Suppose the bottom of the object is at depth $d$. Then the top of the object is at depth $d-h$. Using our results from before, we have
$$F_{\text{below}} = P(d)A=d \rho_{\text{water}} A $$
$$F_{\text{above}}=P(d-h)A=(d-h)A\rho_{\text{water}}$$
If the object is in equilibrium, it is not accelerating, so all of the forces must balance:
$\begin{eqnarray}
W + F_{\text{above}} &=& F_{\text{below}} \\
W + (d-h) \rho_{\text{water}} A &=& d \rho_{\text{water}} A \\
W &=& h A \rho_{\text{water}} \\
W &=& V \rho_{\text{water}} \end{eqnarray}$
where in the last line we defined the object's volume as $V\equiv h A$. This says that the condition for equilibrium is that the weight of the object must be equal to its volume times the density of water. In other words, the object must displace an amount of water which has the same weight as the object. This is the usual law of buoyancy.
From this description I believe you can extend to the case of air instead of water, and horizontal instead of vertical pressure gradient.
Best Answer
Balloons are buoyant because the air pushes on them. The air doesn't know what's in the balloon, though. It pushes on everything the same, so the buoyant force is the same on all balloons of the same size.
If the "balloon" is just a lump of air with an imaginary boundary, then the lump won't go anywhere because the air isn't moving on average. So the buoyant force must exactly cancel the gravitational force (the weight). Since the buoyant force is the same on everything, the buoyant force on a balloon is equal to the weight of the air it displaces. In symbols this is
$$F_{buoyant} = \rho g V$$
where $\rho$ is the density of air, $g$ is gravitational acceleration, and $V$ is the balloon's volume.

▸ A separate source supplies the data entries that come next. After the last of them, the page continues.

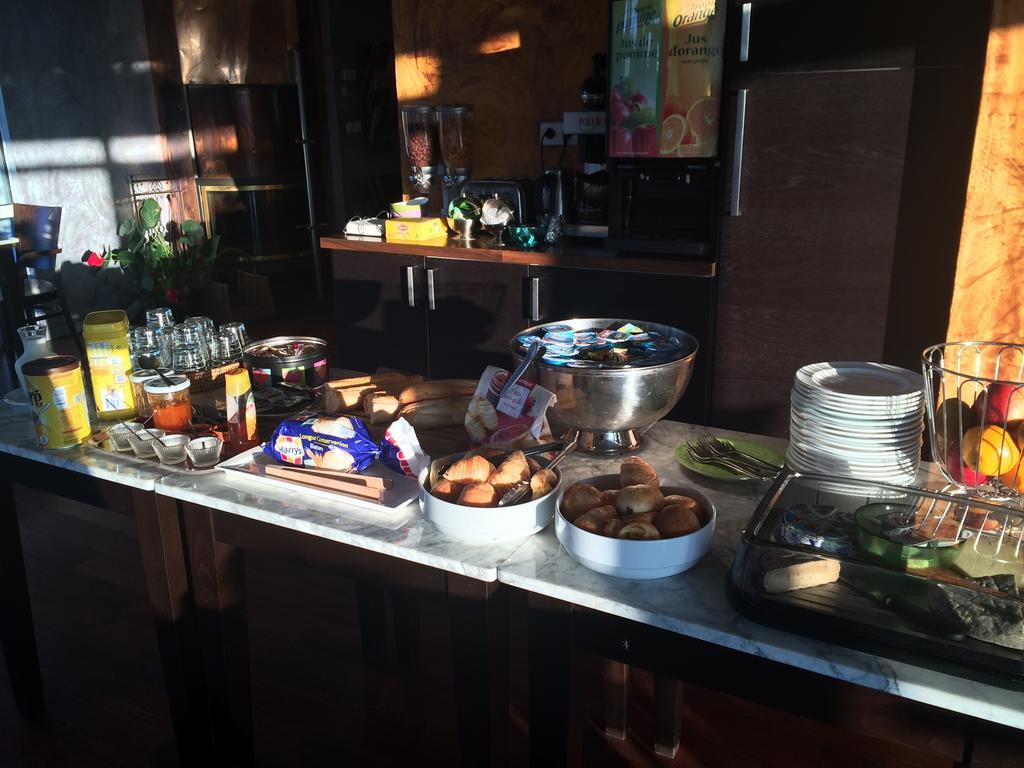 Hotel Evan 렘프데스수르알라그넌 외부 사진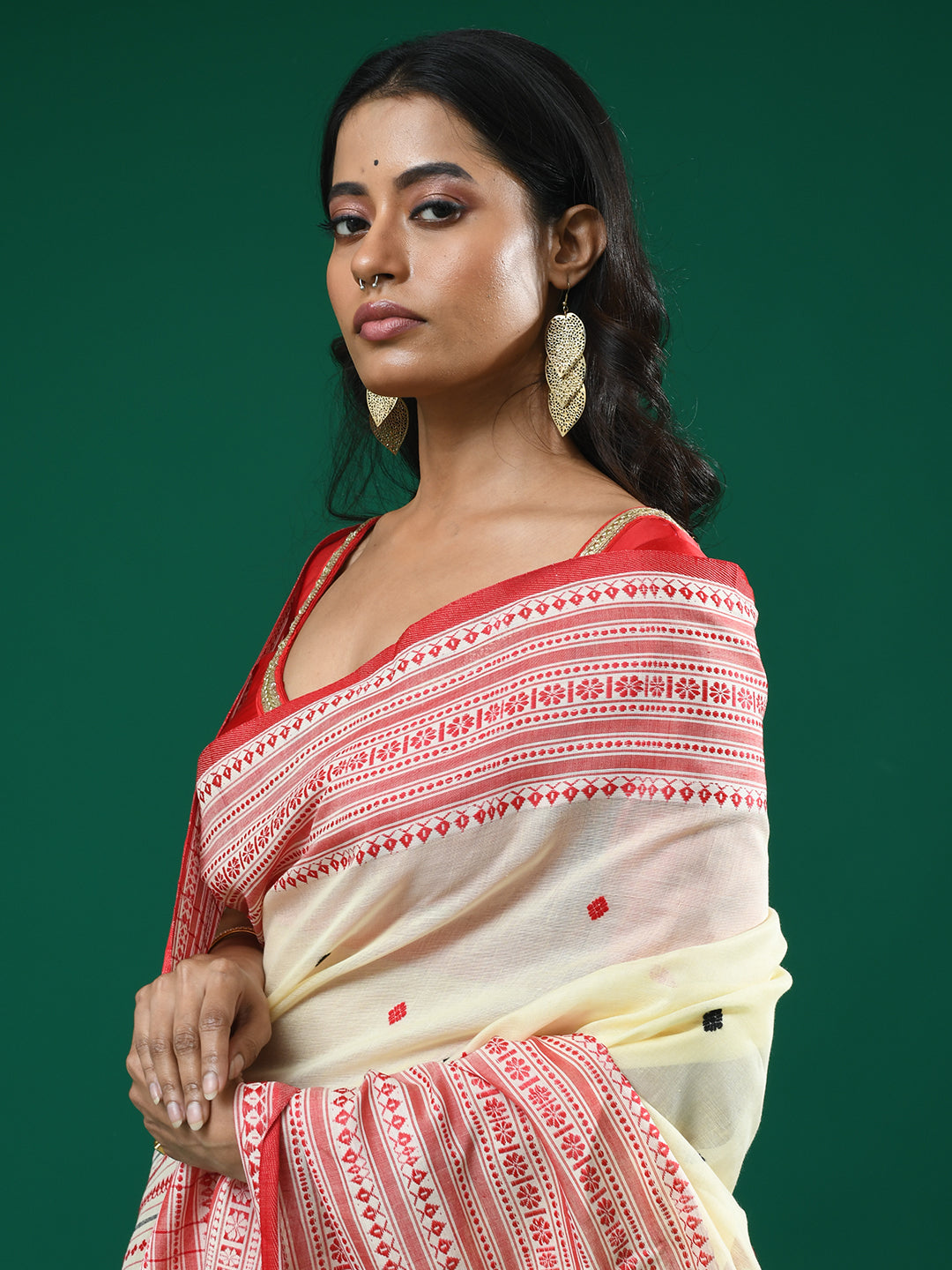 IVORY WHISPER (SAREE)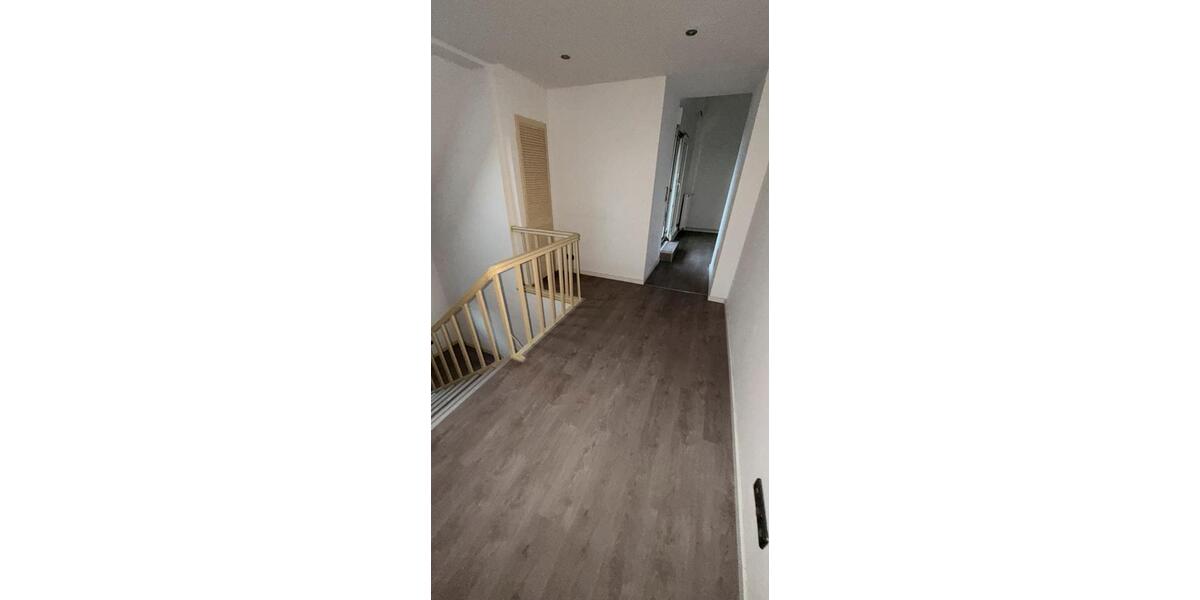 Dachgeschoßwohnung Falkensee - 2 Zimmer, 90 m&sup2;, 1.150&euro; | Angebot:26346965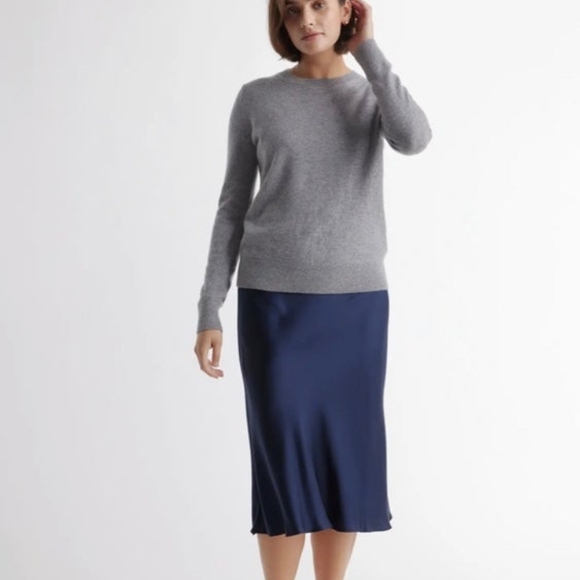 Dresses & Skirts - Quince Silk Skirt Blue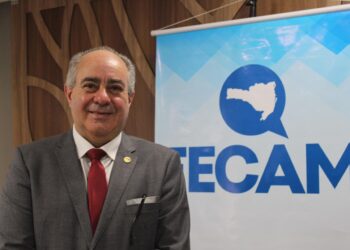 Presidente da Fecam é preso em operação que investiga corrupção e lavagem de dinheiro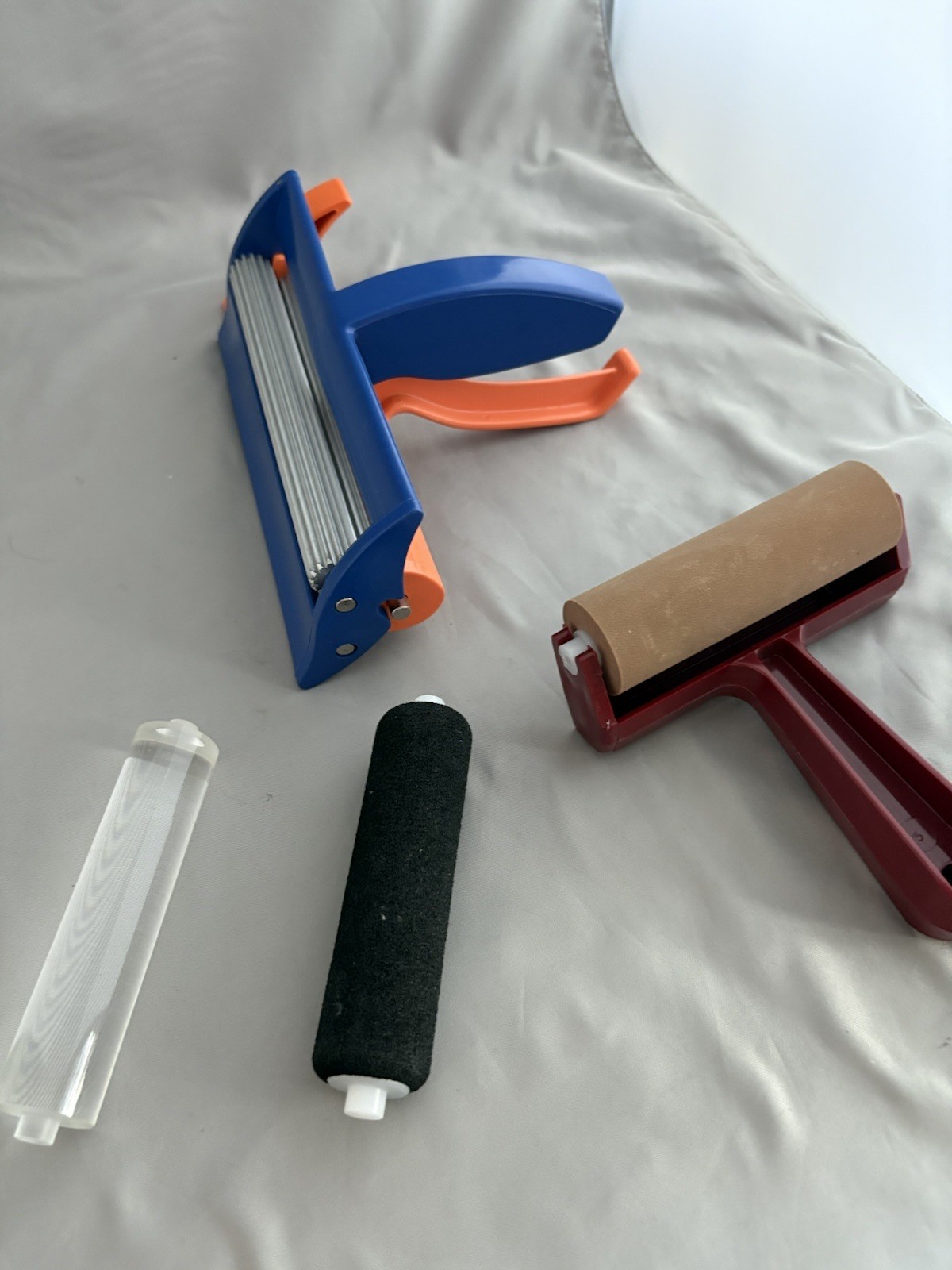 Fiskars Crimper + Hunt Speedball Roller + 2 Extra Rollers Black Sponge And Clear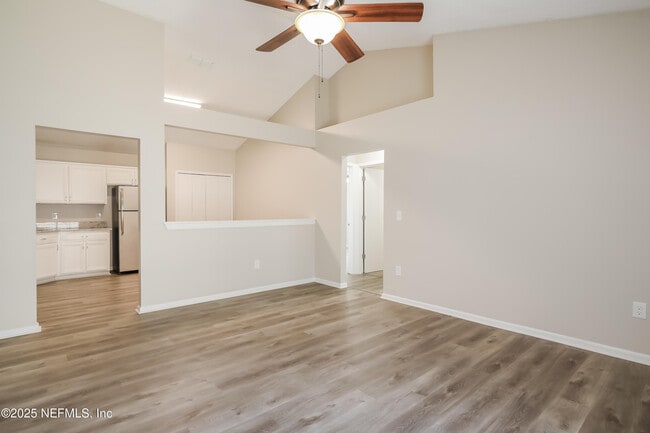 Building Photo - 1881 Manitoba Ct S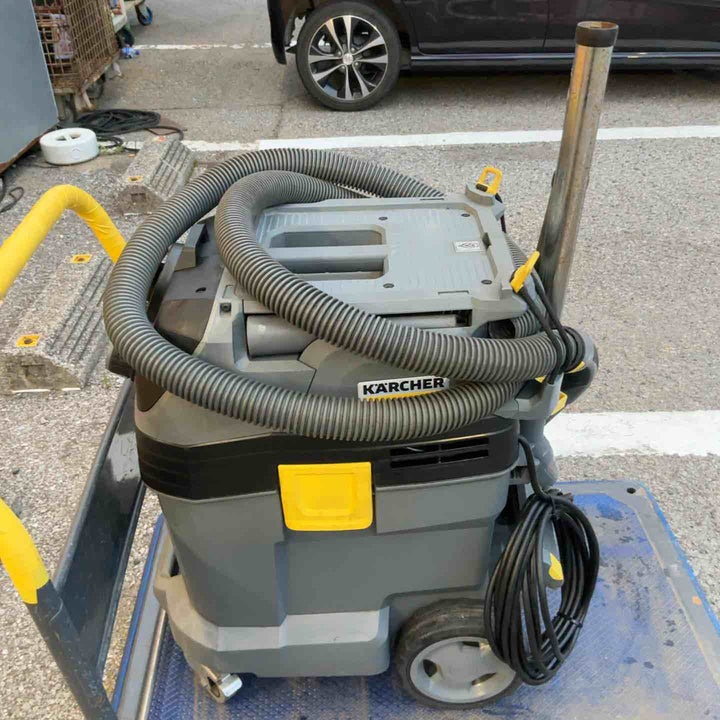 【店頭受取り限定】ケルヒャー(KARCHER) 業務用 乾湿両用バキュームクリーナー NT 30/1 Tact 帯電防止(1.148-208.0) ※型式恐らく【草加店】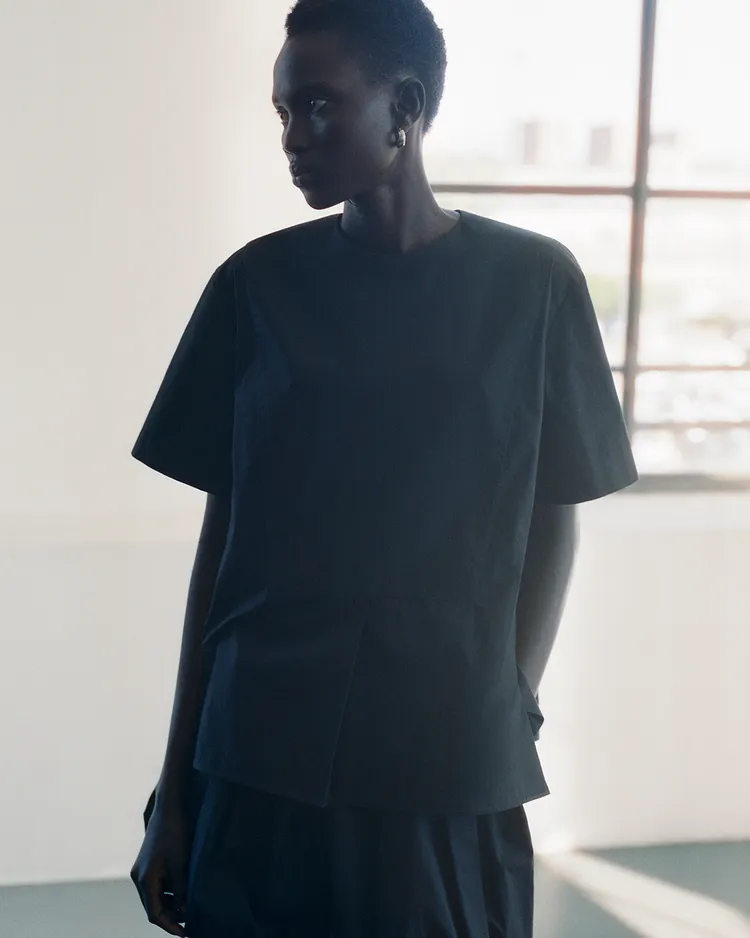 JIL SANDER以理性、去除多餘裝飾的設計思維挑戰主流美學。品牌提供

Hydrogen and helium have less weight than a similar volume of air at the same pressure. That means the buoyant force on them, which is just enough to hold up air, is more than enough to hold up the balloons, and they have to be tethered down.
Assuming they have the same pressure and volume, a hydrogen balloon has less weight than a helium balloon. Things like pressure and volume are roughly decided on a per-molecule basis, at least in gases at low pressure, so at the same pressure and volume hydrogen and helium will have the same number of molecules. Hydrogen is lighter per molecule, so the hydrogen weighs less, and less of the buoyant force is canceled out. That means the net force on a hydrogen balloon is greater. The difference in the net force is small.
Hydrogen is $H_2$, which has atomic mass 2, while air is mostly $N_2$, which has atomic mass 28, so the hydrogen balloon has a net force of about (28-2)/28 = .93 the weight of the air it displaces.
Helium is mostly helium-4, so the net force on a helium balloon is about (28-4)/28 = .86 the weight of the air is displaces.
So net force on the hydrogen balloon is in the neighborhood of 10% more.